Google all about it…
‘Read all about it’ used to be the cry of news-sellers, calling attention to their papers. For the last two years, research by Edelman found that we trust search engines for news more than ‘traditional media’.
“The results imply that readers are more likely to trust a headline they read in Google’s news aggregator, over the same headline on its original website.”
Edelman put the aggregators success down to the pithy means by which they serve the news – “Headlines that have been optimized for search engines are usually short and fact-based”, and so presented as ‘facts’ engender greater feelings of trust. It’s a powerful argument for the power of mircocopy for one thing.
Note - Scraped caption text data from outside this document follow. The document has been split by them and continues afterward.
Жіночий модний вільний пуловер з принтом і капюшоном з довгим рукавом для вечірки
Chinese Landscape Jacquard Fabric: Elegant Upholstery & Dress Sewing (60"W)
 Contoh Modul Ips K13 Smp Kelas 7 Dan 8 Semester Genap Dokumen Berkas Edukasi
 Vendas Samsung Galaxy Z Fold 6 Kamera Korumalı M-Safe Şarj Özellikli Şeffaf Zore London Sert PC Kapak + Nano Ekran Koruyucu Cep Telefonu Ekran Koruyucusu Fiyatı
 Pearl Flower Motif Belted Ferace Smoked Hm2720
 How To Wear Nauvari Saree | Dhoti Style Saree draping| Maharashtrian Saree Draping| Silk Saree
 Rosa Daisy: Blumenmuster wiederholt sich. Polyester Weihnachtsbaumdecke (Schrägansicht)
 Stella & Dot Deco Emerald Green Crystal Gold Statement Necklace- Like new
More especially it draws attention to the problem we have trusting our media sources. While Google are cited as “one of the most trusted companies in the world”, ironically many feel search engine’s watch over us is troublesome. Yet the traditional press, who’s “first obligation is to the truth” seems plagued by issues of trust in how they source and present stories.
The disintermediation – the distance between source and signal – no doubt helps. But it remains a fascinating dilemma, that large (that is physically or visibly so) institutions are suffering a crisis of trust between themselves and their audiences. One neatly coined as an ‘Inversion of Influence’.
Spare a thought for that when you’re Googling (other search engines are available) all about it; you’re more likely to believe what you read. And think about how the ‘Inversion of influence’ is going to effect your business this year.